The concept of treating water with chemicals such as chlorine or bromine to kill bacteria is old in the art. One of the methods of dispensing bacteria killing chemicals into the water is to use a dispersal valve that allows a portion of the water to flow through the water soluble chemical which is located in a single compartment within the dispersal valve. Typically, a chemical such as chlorine is used to kill the bacteria.
The prior art includes devices that hold two solids and separately dispenses the dissolvable solids into the water, such as the device shown in U.S. Pat. No. 3,378,027. The patent shows a water treatment apparatus having two separate compartments, each for holding a dissolvable solid chemical therein. Once the chemicals are dissolved they are allowed to flow into a storage tank.
Another apparatus for dispensing two different chemicals is shown in U.S. Pat. No. 5,251,656 which shows a multiple chemical feeder for swimming pools. The feeder has a first compartment for holding a canister containing a solid chemical, and a second compartment for holding a collapsible container having a liquid chemical dispersant. The solid chemical is dissolved and dispensed by the flow of water through it. The liquid chemical is dispensed by exerting pressure on the outside of a collapsible container to force the liquid chemical out of the dispenser and into the system. The chemicals are maintained separately from one another until they are introduced into the fluid stream. In the present invention, one portion of a bifurcated fluid stream flows through a chemical dispersant, such as chlorine, and the other portion flows through bacteria killing minerals to provide a system where the levels of the chemical dispersants can be maintained at a lower level than if chemicals were solely relied upon to maintain a low bacteria level. The advantage of using a lower level of chemicals is the corresponding reduction in chlorine smell. After passing through the canisters, the bifurcated stream is reunited and then directed into the liquid stream flowing through the dispersal valve.
The invention allows one to use a prior art single compartment dispersal valve to hold a single canister wherein two different materials can be separately dissolved and simultaneously dispersed into a bifurcated fluid mixing stream with the bifurcated fluid mixing steam subsequently combined into a single stream for delivering the chemical and mineral dispersants into the liquid stream through a single dispersal valve.

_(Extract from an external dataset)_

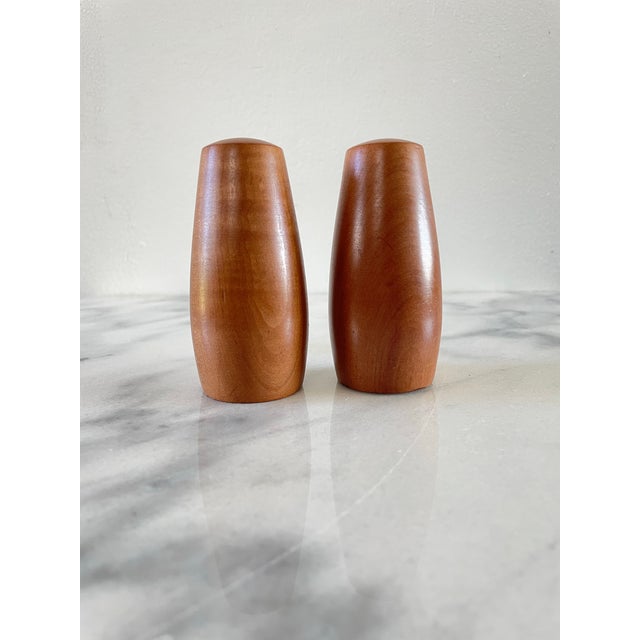We love the soft curves of these vintage Danish Modern style salt and pepper shakers. Crafted of warm, rich teak wood,...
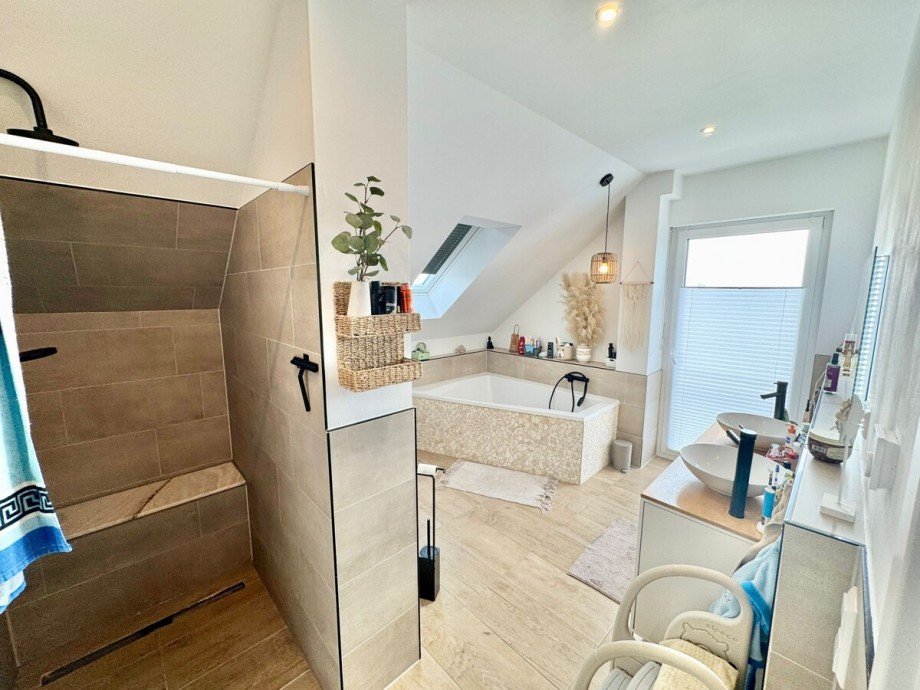 Bad mit Dusche und Wanne Einfamilienhaus Lindetal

In one embodiment two canisters are employed to dispense both the bacteria killing chemicals and the bacteria killing mineral, and in another embodiment only a single canister is used to dispense both the bacteria killing chemicals and the bacteria killing minerals.
The invention further includes improved bacteria killing minerals which can be used in the dispersal valve. One improved bacteria killing mineral comprises zinc metal particles and a limestone carrier with at least some of the limestone having a silver chloride coating thereon. A further improved bacteria killing mineral comprises zinc metal particles having a coating of silver chloride with a further coating of porous epoxy thereon. The zinc, silver and silver chloride are believed to yield ions that inhibit bacteria and algae, while the limestone neutralizes acids formed during the water treatment process. The combination of a water chemical treatment and a mineral treatment provides a treatment system that lowers the necessary amount of chemical in the water. A suitable bacteria killing mineral for use in the single canister with two compartments comprises zinc metal particles with a portion of the zinc metal particles covered with either silver metal or silver chloride.
An adhesive is used to secure the limestone and the silver chloride or the zinc and the silver chloride. By forming the adhesive in a matrix, one can maintain both bacteria killing minerals and the bacteria killing chemical in a reactive state.
Although an adhesive is described, a mechanical restraint or other mechanism for maintaining the minerals in fluid proximity to one another can be used.